→ Source material

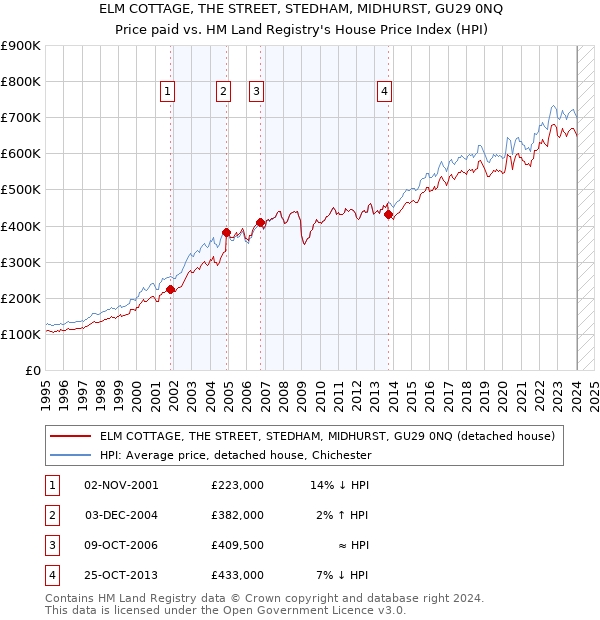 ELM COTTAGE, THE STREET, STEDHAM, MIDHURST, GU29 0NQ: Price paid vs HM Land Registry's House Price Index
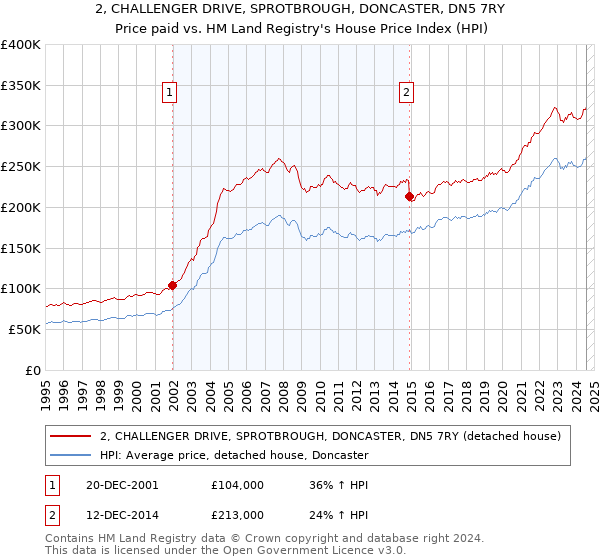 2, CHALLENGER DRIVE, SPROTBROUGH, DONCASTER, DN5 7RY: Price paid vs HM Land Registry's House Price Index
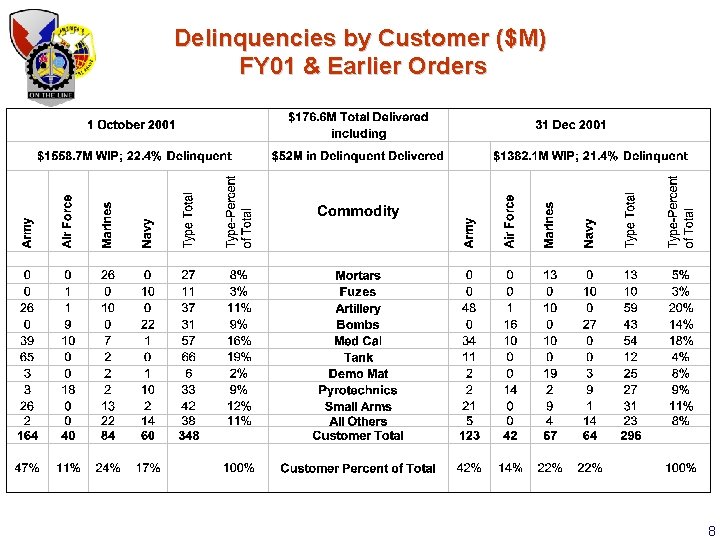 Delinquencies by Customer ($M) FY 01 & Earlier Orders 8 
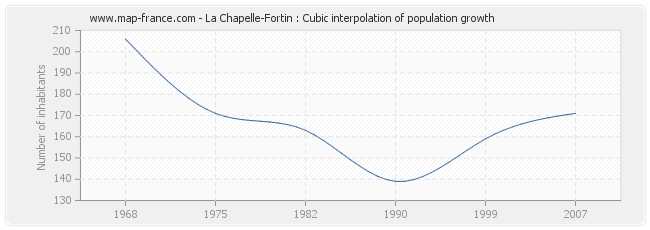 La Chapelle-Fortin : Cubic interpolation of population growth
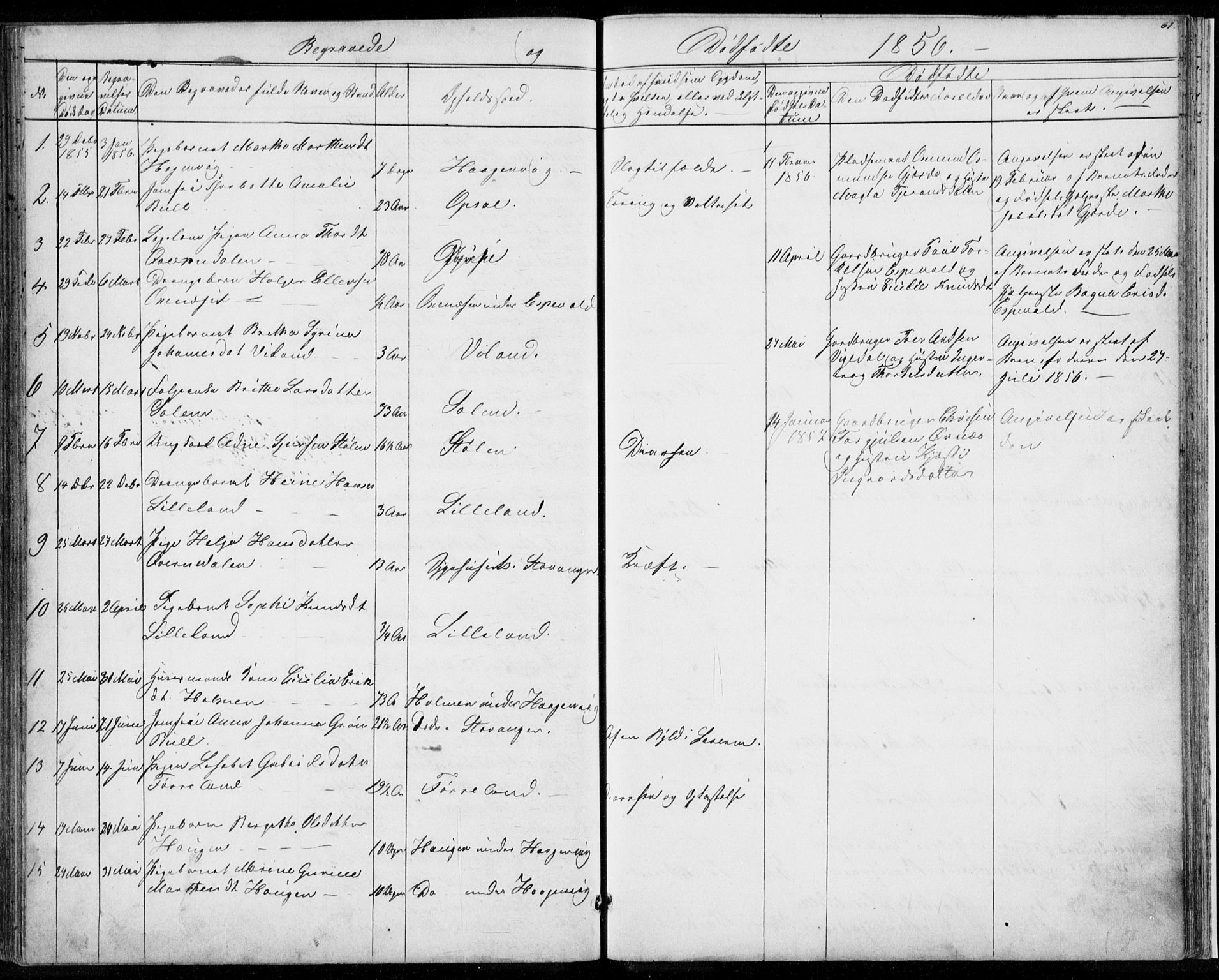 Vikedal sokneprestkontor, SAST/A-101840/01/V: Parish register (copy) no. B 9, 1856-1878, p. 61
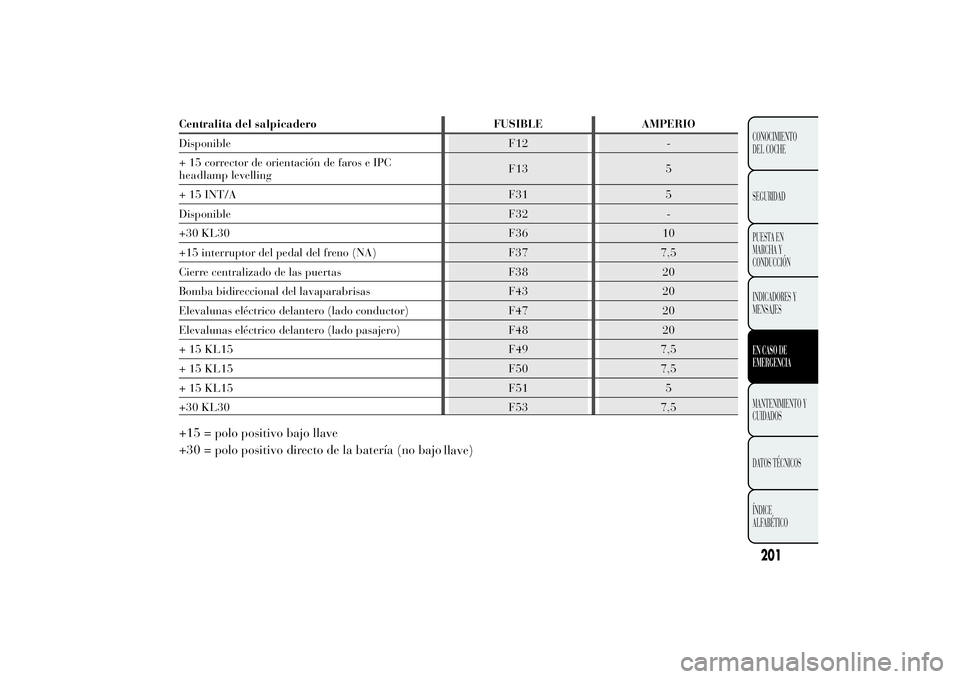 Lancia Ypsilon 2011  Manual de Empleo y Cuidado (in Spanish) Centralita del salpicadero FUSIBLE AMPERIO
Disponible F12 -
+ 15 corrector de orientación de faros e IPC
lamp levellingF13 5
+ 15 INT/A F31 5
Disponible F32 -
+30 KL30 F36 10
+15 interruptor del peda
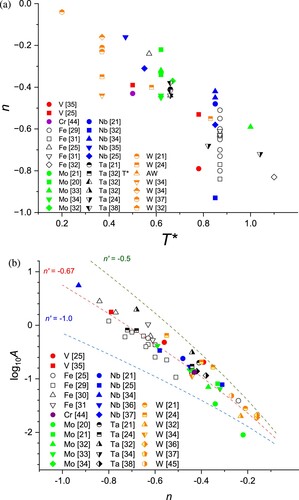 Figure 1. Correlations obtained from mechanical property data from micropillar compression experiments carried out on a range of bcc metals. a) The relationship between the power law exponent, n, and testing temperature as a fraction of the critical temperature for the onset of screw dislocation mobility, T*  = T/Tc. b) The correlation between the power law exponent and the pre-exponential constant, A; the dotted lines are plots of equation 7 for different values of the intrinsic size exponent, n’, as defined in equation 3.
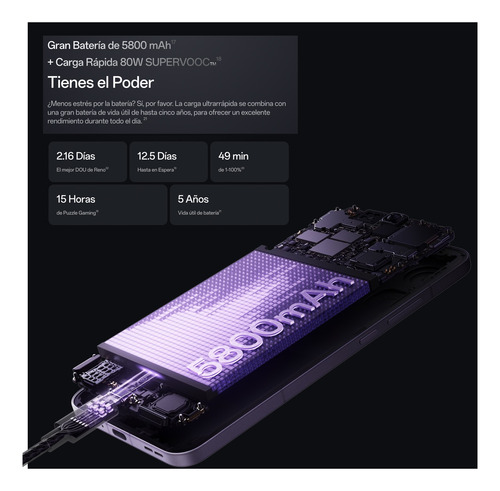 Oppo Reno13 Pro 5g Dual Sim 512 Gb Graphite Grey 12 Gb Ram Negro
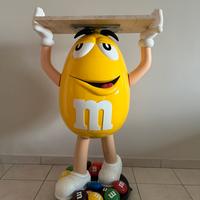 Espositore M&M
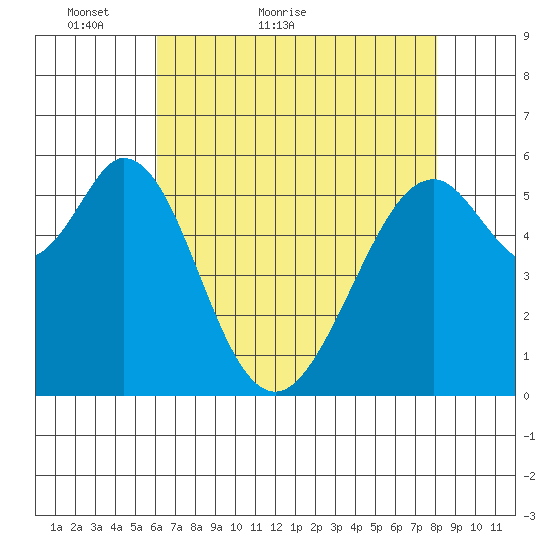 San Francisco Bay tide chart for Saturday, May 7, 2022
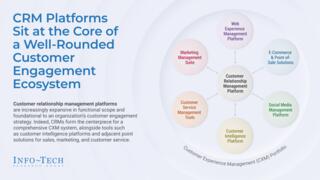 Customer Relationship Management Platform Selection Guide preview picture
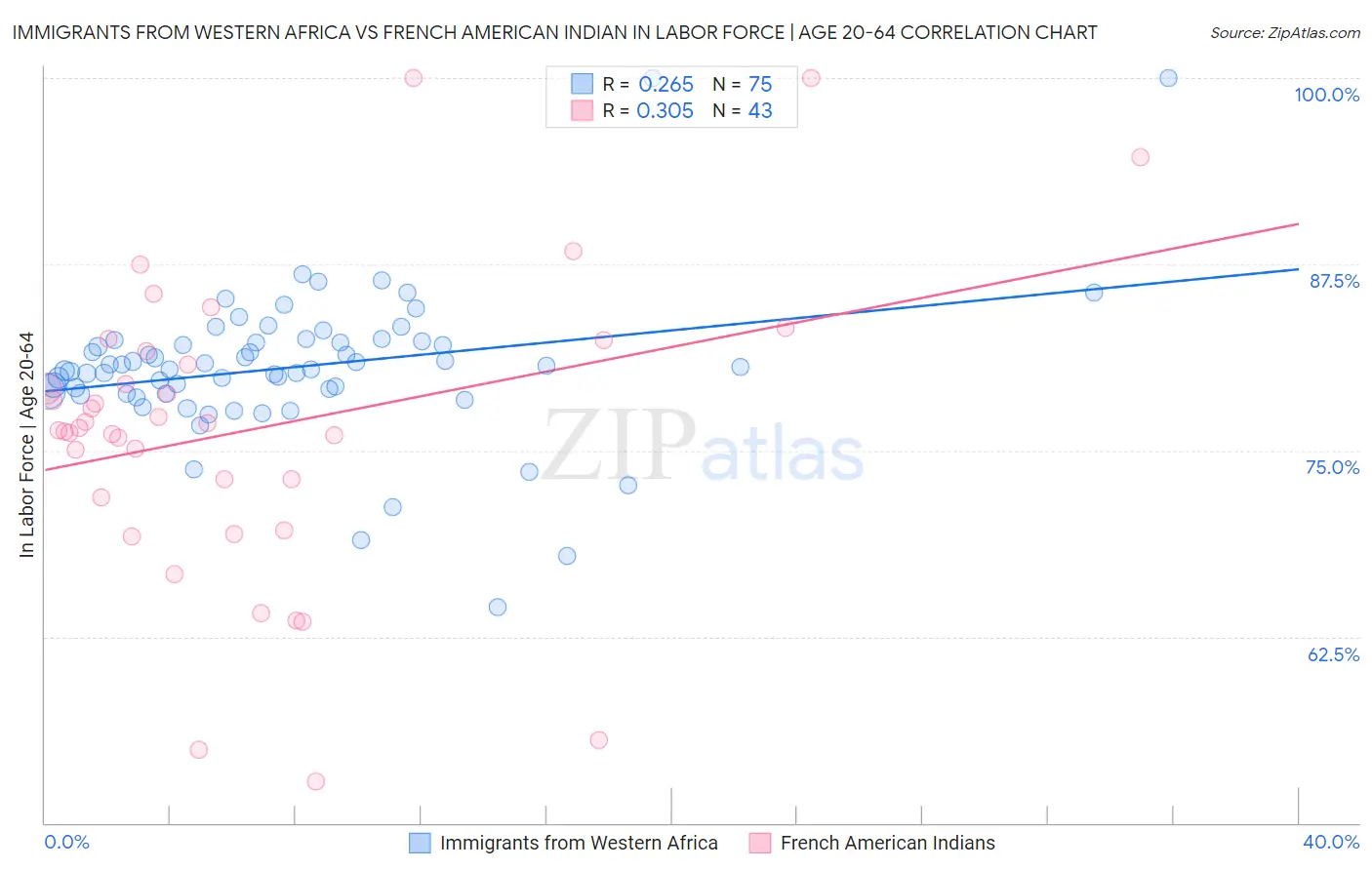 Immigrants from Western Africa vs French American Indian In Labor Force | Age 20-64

→ Your instructions
Write every record out again exactly as written. Pictures don't belong in the copy.

→ Reply
 ELM COTTAGE, THE STREET, STEDHAM, MIDHURST, GU29 0NQ: Price paid vs HM Land Registry's House Price Index
 2, CHALLENGER DRIVE, SPROTBROUGH, DONCASTER, DN5 7RY: Price paid vs HM Land Registry's House Price Index
 Delinquencies by Customer ($M) FY 01 & Earlier Orders 8 
 La Chapelle-Fortin : Cubic interpolation of population growth
 Vikedal sokneprestkontor, SAST/A-101840/01/V: Parish register (copy) no. B 9, 1856-1878, p. 61
 Lancia Ypsilon 2011  Manual de Empleo y Cuidado (in Spanish) Centralita del salpicadero FUSIBLE AMPERIO
Disponible F12 -
+ 15 corrector de orientación de faros e IPC
lamp levellingF13 5
+ 15 INT/A F31 5
Disponible F32 -
+30 KL30 F36 10
+15 interruptor del peda
 Figure 1. Correlations obtained from mechanical property data from micropillar compression experiments carried out on a range of bcc metals. a) The relationship between the power law exponent, n, and testing temperature as a fraction of the critical temperature for the onset of screw dislocation mobility, T*  = T/Tc. b) The correlation between the power law exponent and the pre-exponential constant, A; the dotted lines are plots of equation 7 for different values of the intrinsic size exponent, n’, as defined in equation 3.
 Oppo Reno13 Pro 5g Dual Sim 512 Gb Graphite Grey 12 Gb Ram Negro
 Espositore M&M
 San Francisco Bay tide chart for Saturday, May 7, 2022
 Customer Relationship Management Platform Selection Guide preview picture
 Immigrants from Western Africa vs French American Indian In Labor Force | Age 20-64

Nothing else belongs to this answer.